Through the frame of Pantami’s travails as a public office holder, the author observes in this book that the media are generally more inclined towards celebrating conflict and crisis, while reveling in a single story that represses, if not censors, the other crucial sides to issues, which could have tempered the public drift towards hysteria.
As one who marvels at Pantami’s erudition in both Islamic and Western education, I was appalled by the controversy that trailed his elevation to the rank of a Professor by the Federal University of Technology, Owerri (FUTO). While I am aware that he is a person with an aversion for being addressed as a “Sheikh”, in line with his deepset humility, I had expected the minister to, in like manner, cast away the pulpy endocarp of the mango to rid off the flies that were then swarming around.
Whilst the different fireworks intensified and the controversy raged, such that the Presidency was forced to take a position on the matter, Yushau Shuaib, a PR storm-chaser and warrior, rallied his his top commanders and infantry persons in his bunker in Wuye (must I say he is one of most gender-affirming executives in the industry, who gives as much opportunity to all, male and female). From there, he deployed arsenals strategically, firing from the cylinders of traditional and new media with remarkable marksmanship. At the end of the day, the author’s PR warfare paid up. The rest is now history, as we say.

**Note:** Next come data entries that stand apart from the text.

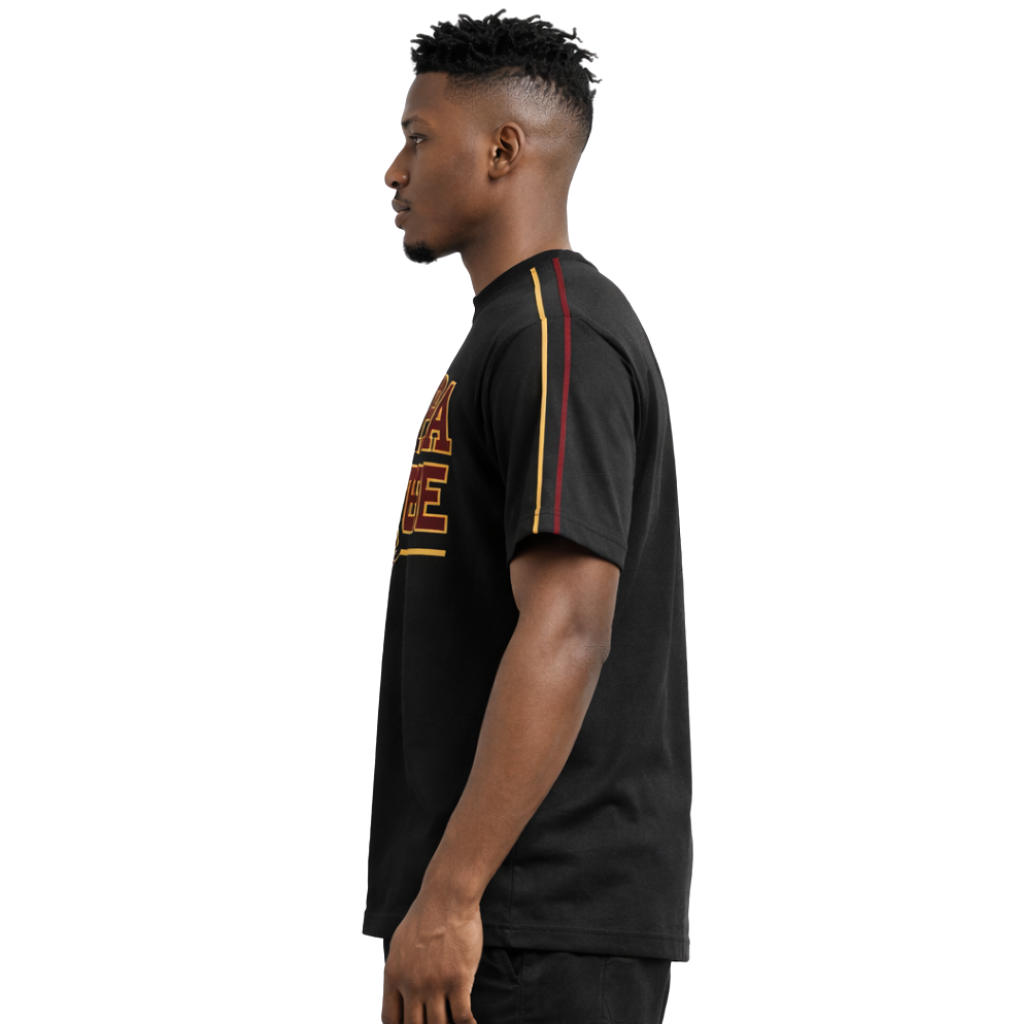 Kappa League Collegiate Striped Tee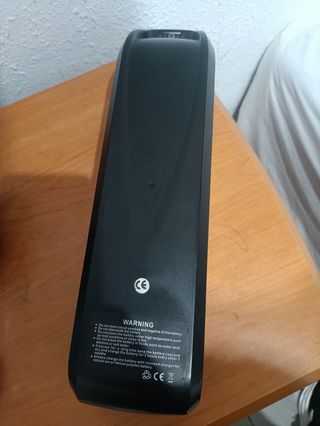 Batería Bicicleta 48v 17.5ah negociable 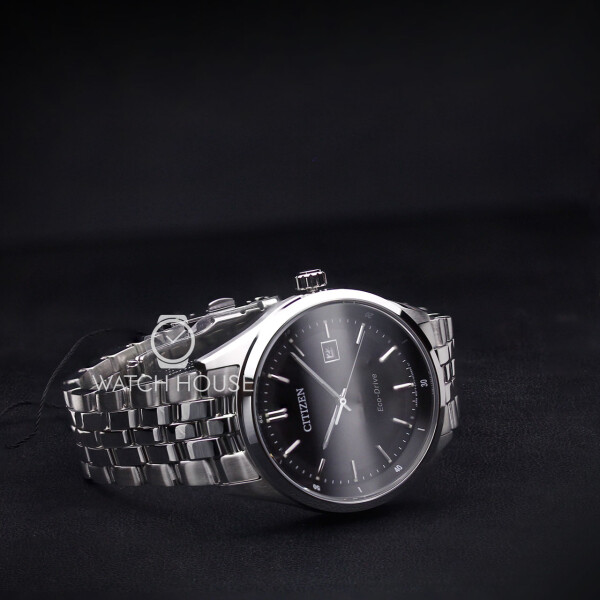 Citizen Elegant BM7251-88E mens wristwatch sapphire glass Eco Drive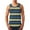 Yellow, variant on HCNTES Lightweight Tank Tops for Men Classic Ribbed Cotton Muscle shirts Beach Tops Running Vest(Red,4XL)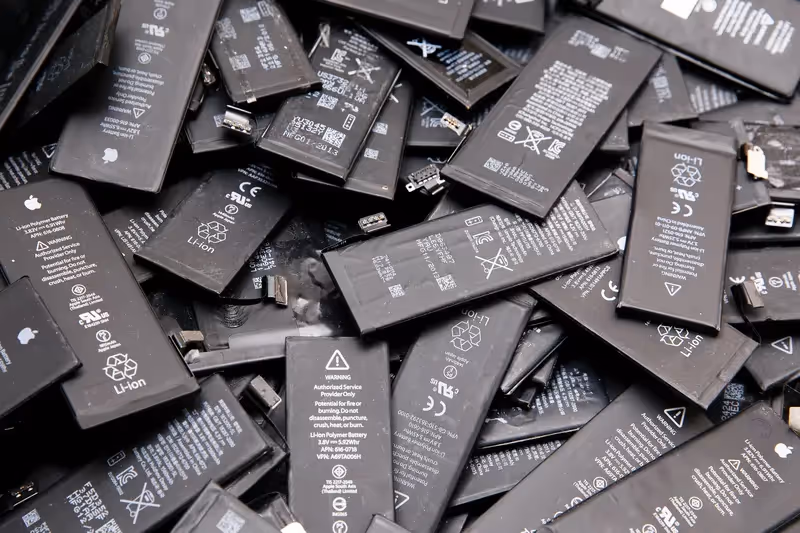Greening the Future, One Recycled Battery at a Time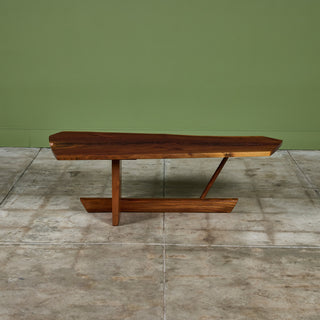 George Nakashima Studio Minguren II Coffee Table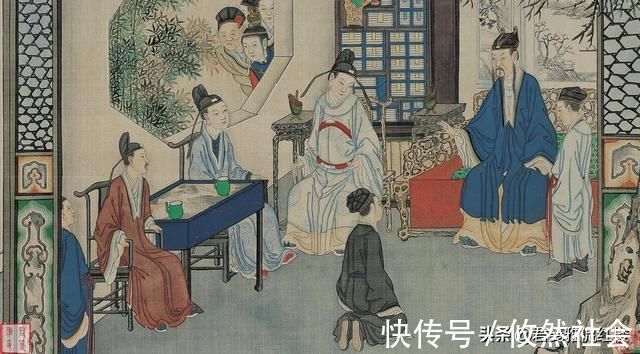 贾宝玉|《红楼梦》:贾家子弟上学的学塾,为什么会变成薛蟠的“后宫”?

Indeed, I share the sentiment expressed by Yushau that Pantami, to a great extent, triumphed over the recurrent trials, travails and tribulations that sought to grate at his rather exemplary and achievement-laden period in public office.
In conclusion, I recommend this edifying and intellectually-stimulating book to PR practitioners, students, communication experts and players in digital innovation and ICT, among others. PR managers, in particular, will find the book relevant in learning the ropes of solving seemingly knotty image crises.